I guess it depends on who you ask. Steve Campbell:
Clemens and his defenders can attack McNamee’s credibility and motives all they want. But how can they explain away the damaging testimony of Pettitte?
Clearly, Pettitte had no desire to speak evil about an old teammate, friend, workout partner and traveling buddy. Pettitte didn’t want to have anything to do with discussing the Mitchell Report. He also didn’t want to lie under oath in a congressional hearing.
Pettitte reluctantly implicated his friend. In a Feb. 4 deposition, Pettitte didn’t merely tell of a 1999 conversation in which Clemens admitted to using HGH. Pettitte made embarrassing revelations about himself — things no investigator could have uncovered. For instance, Pettitte told of using HGH furnished by his father again in 2004.

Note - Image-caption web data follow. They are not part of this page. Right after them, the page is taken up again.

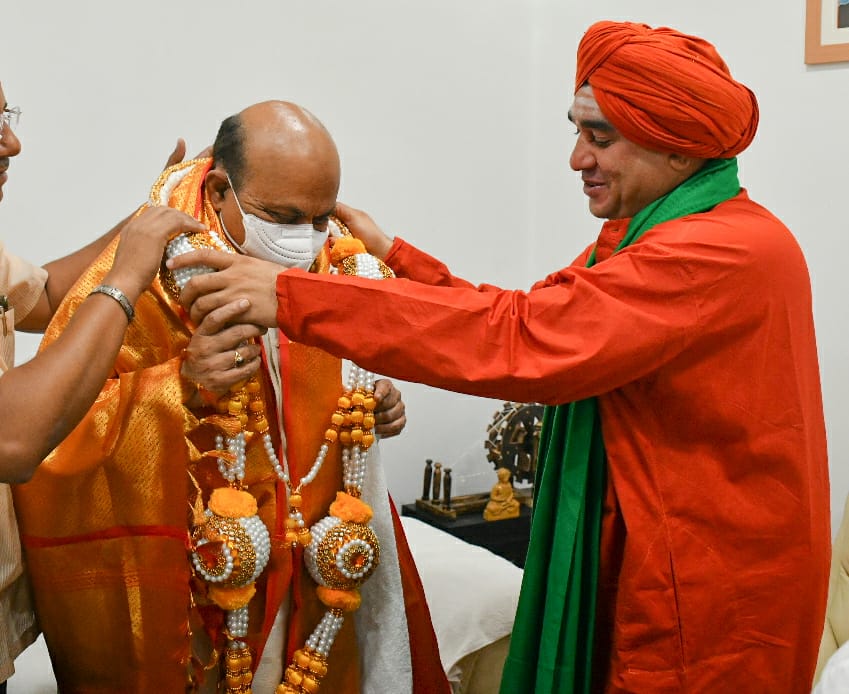 kudalasangama-shree-met-cm-basavaraj-bommai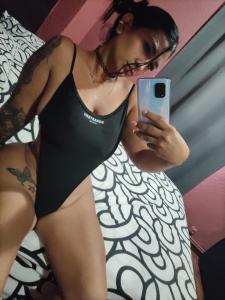 633857884: Chica busca chico en Madrid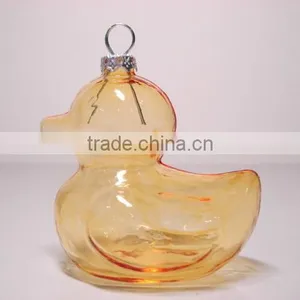Christmas Decorating Duck Ornament thumbnail-1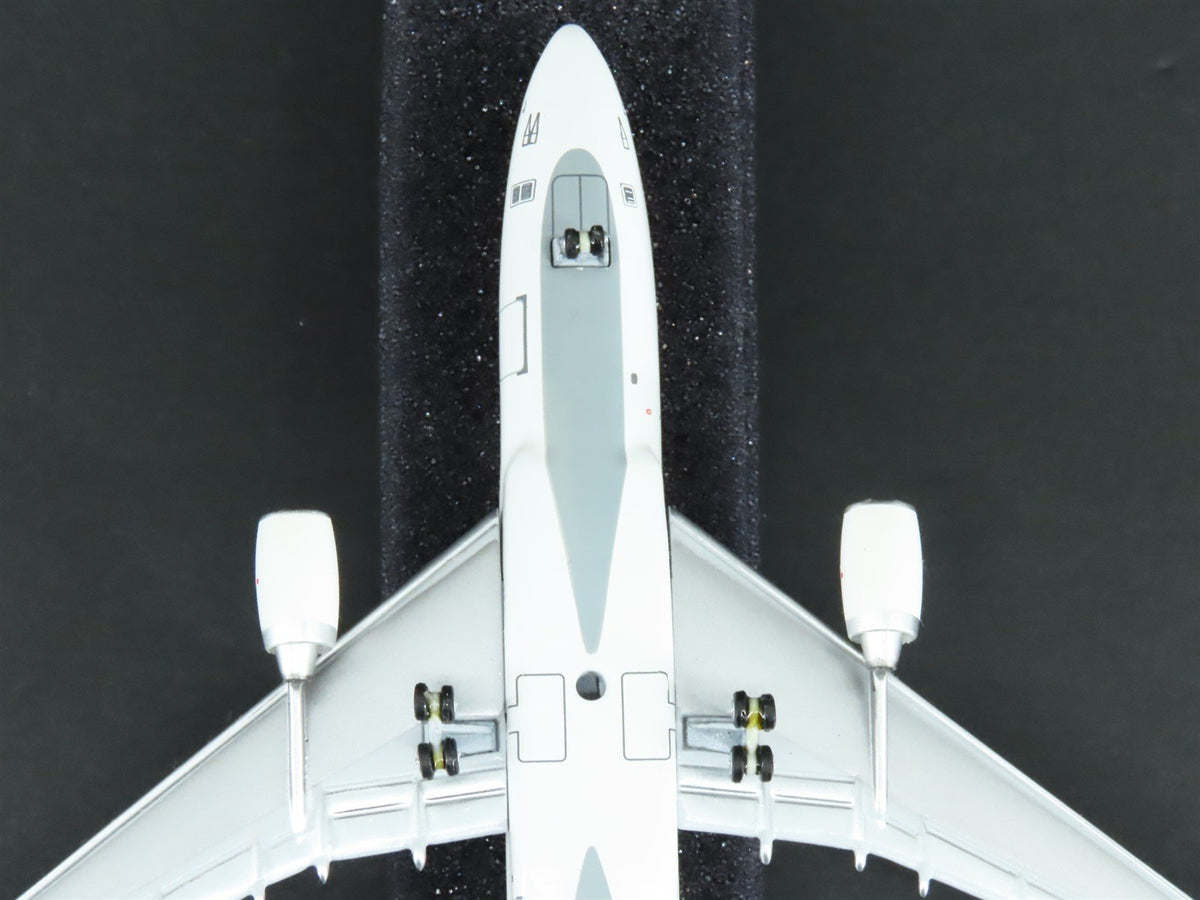 1:400 Aero Classics / Lockness Die-Cast United Lockheed L-1011-500 Airliner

“I have to tell you all the truth,” Pettitte said in his deposition. “I mean I told y’all the stuff about my dad because I have to live with myself. And one day I have to give an account to God and not to nobody else of what I’ve done in my life.
“And that’s why I’ve said and shared the stuff with y’all that I’ve shared with y’all today that I wouldn’t like to share with y’all.”
Keep in mind, Pettitte could have claimed he didn’t remember any conversations with Clemens about performance-enhancing drugs. Nobody could have proved otherwise.
“I believe Andy has mis-heard,” Clemens said. “I think he mis-remembers.”
To believe Clemens is to believe that Andy Pettitte is a liar.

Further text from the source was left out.